[Dataset records]
○ ○ ○ ○ ○ ○ ○

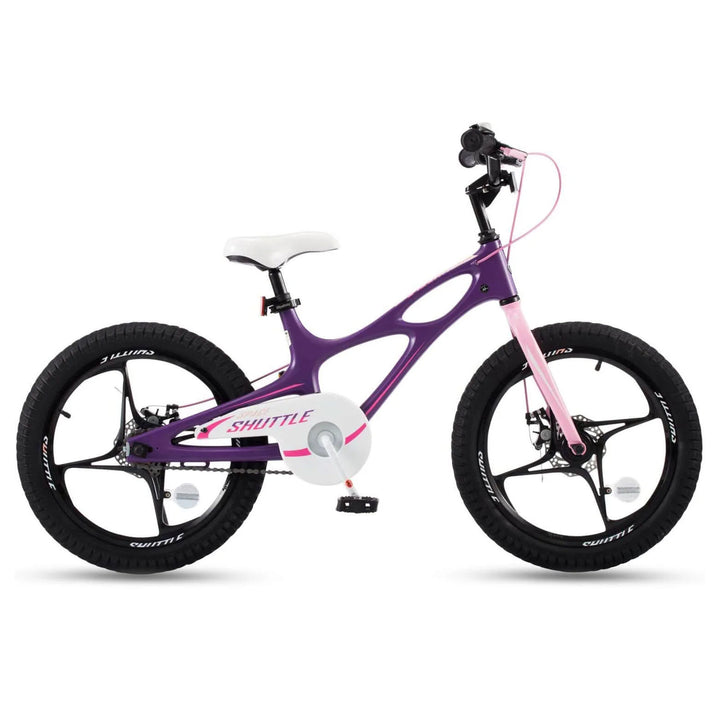 RoyalBaby Space Shuttle 18" Alloy Kids Bicycle w/2 Disc Brakes, Purple (Used)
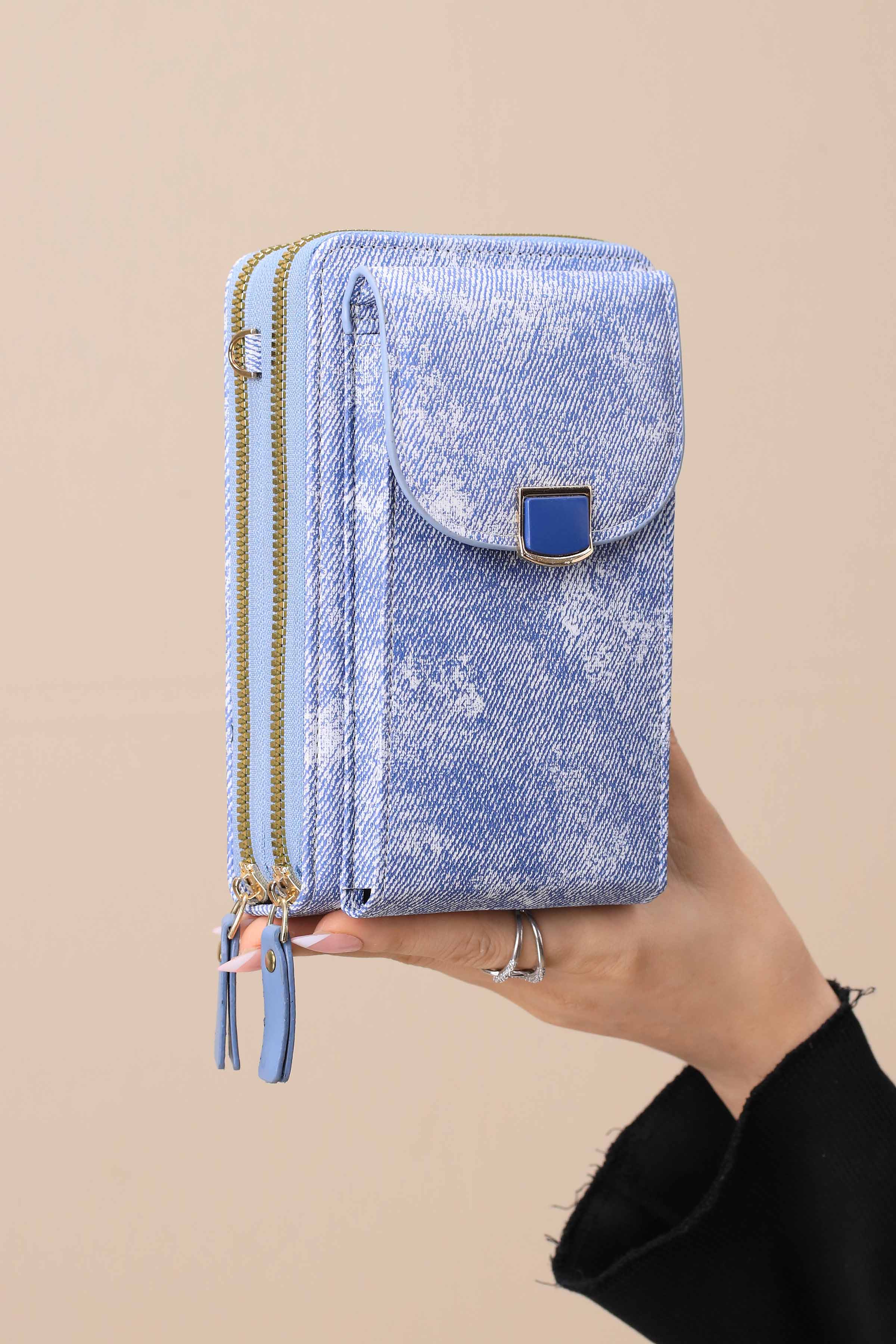 Blue Phone Bag
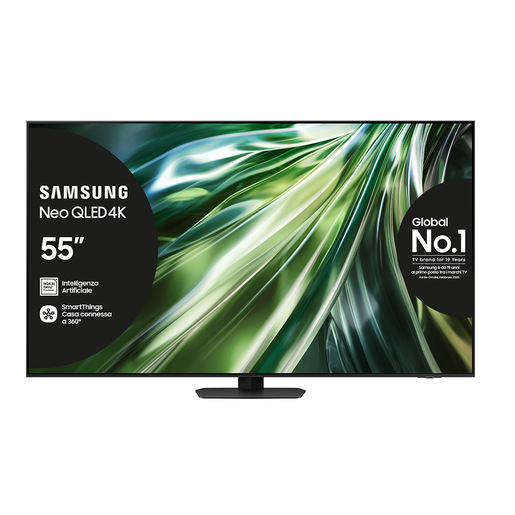 Samsung Smart TV 55'' QE55QN90DATXZT Neo QLED 4K Mini LED Titan Black 2024, Processore NQ4 AI GEN2, Tecnologia Quantum Matrix, Neo Slim Design, Dolby A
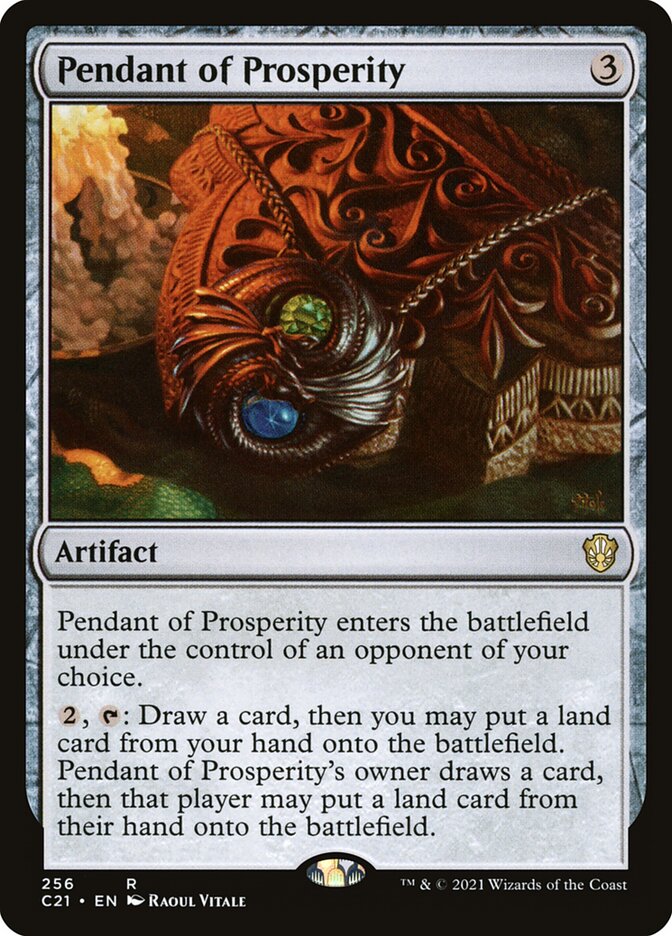 Pendant of Prosperity 256/81 (Commander 2021)  | Good Games Morley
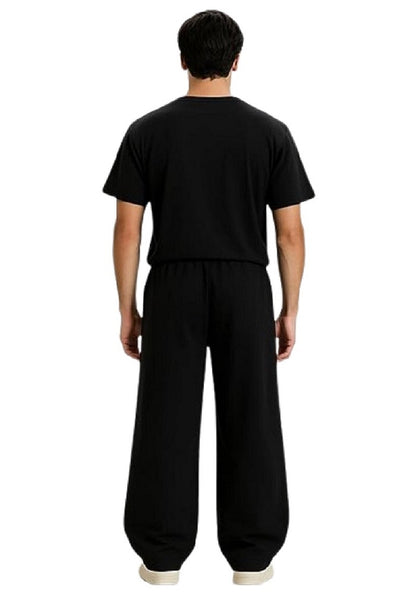 Attitude Men's Regular Fit Over Size Print Lower– Cotton Blend Joggers with Elastic Waistband & Pockets |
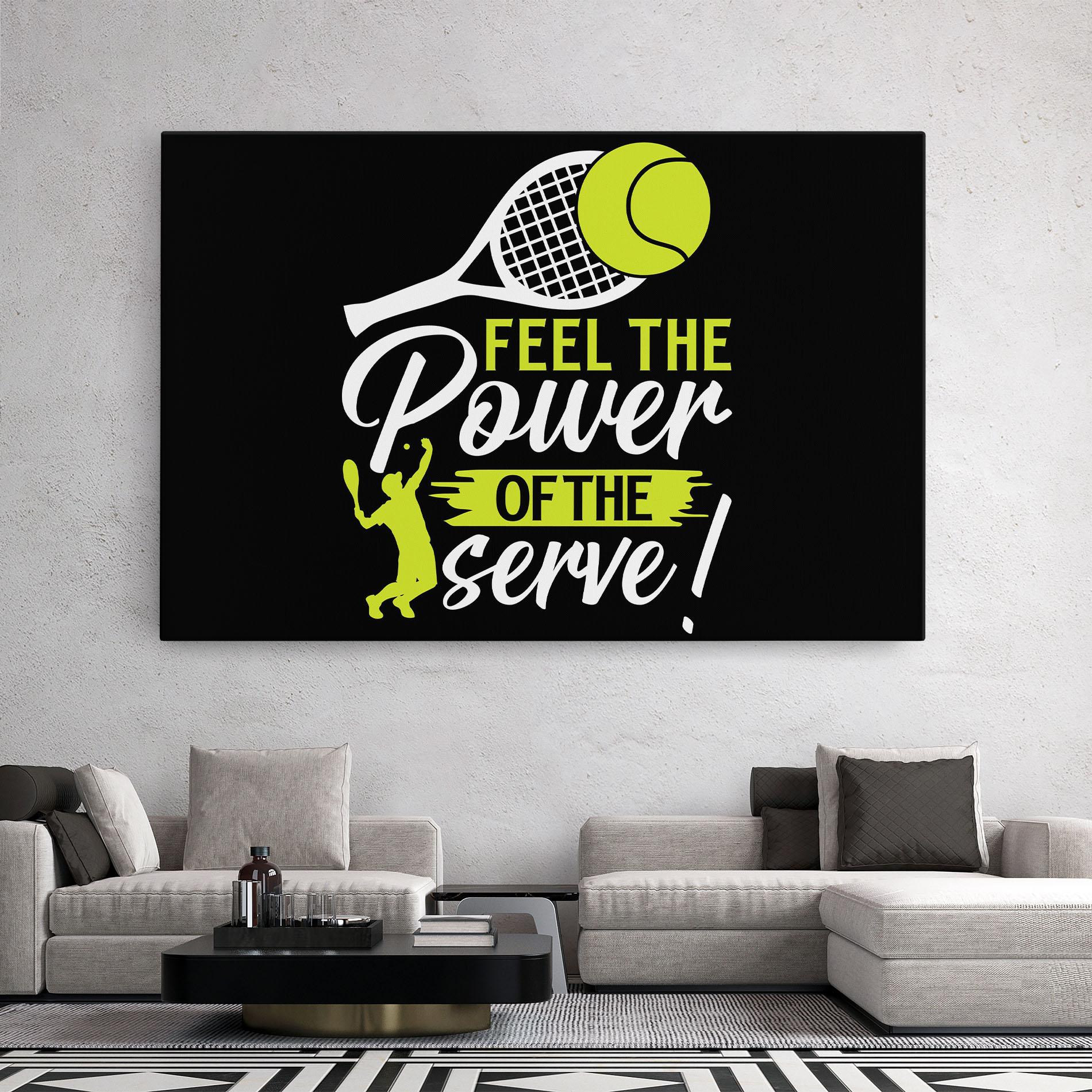 Vászonkép Power Serve mockup 2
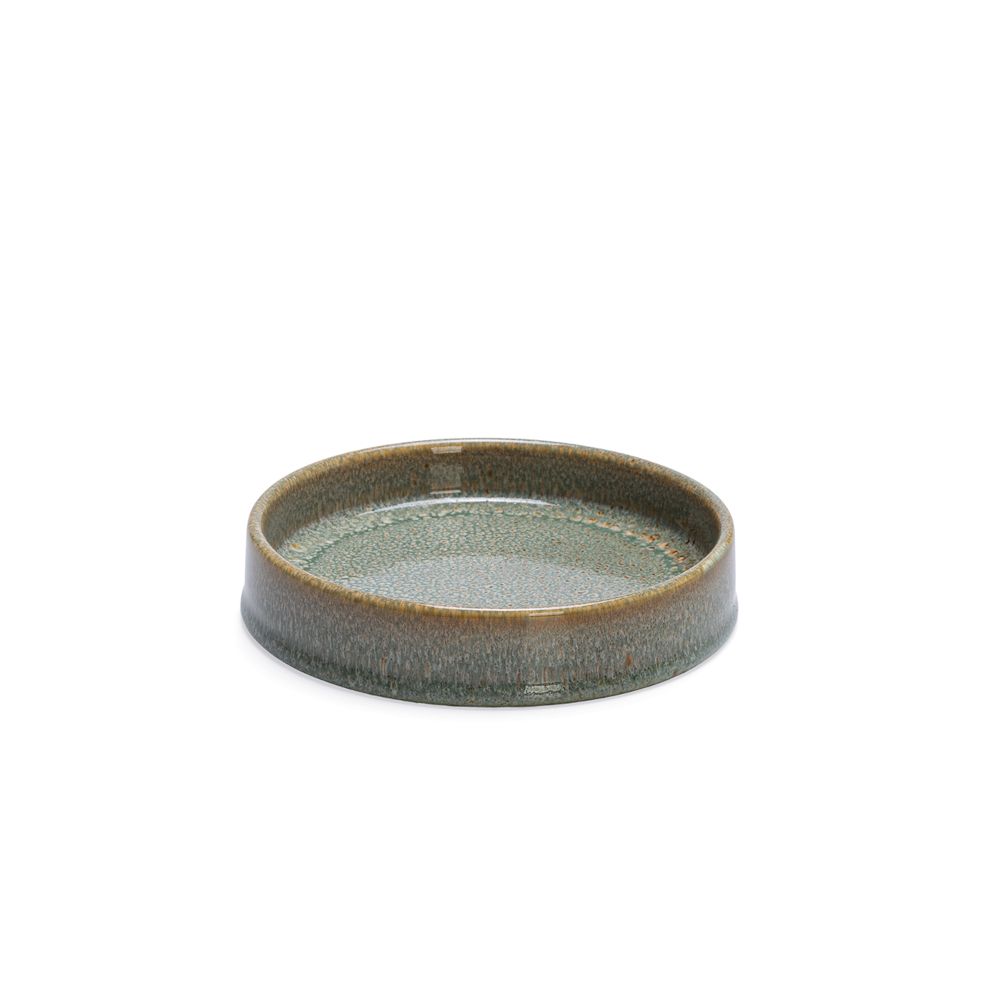 Designed by Lotte Jace Ceramic Cat Bowl – Green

○ ○ ○ ○ ○ ○ ○

Lines before the one containing "Blue Phone Bag" are not wanted; write out that line and every later line through the end of the data above, exactly, without pictures.

 Blue Phone Bag
 Samsung Smart TV 55'' QE55QN90DATXZT Neo QLED 4K Mini LED Titan Black 2024, Processore NQ4 AI GEN2, Tecnologia Quantum Matrix, Neo Slim Design, Dolby A
 Pendant of Prosperity 256/81 (Commander 2021)  | Good Games Morley
 Attitude Men's Regular Fit Over Size Print Lower– Cotton Blend Joggers with Elastic Waistband & Pockets |
 Vászonkép Power Serve mockup 2
 Designed by Lotte Jace Ceramic Cat Bowl – Green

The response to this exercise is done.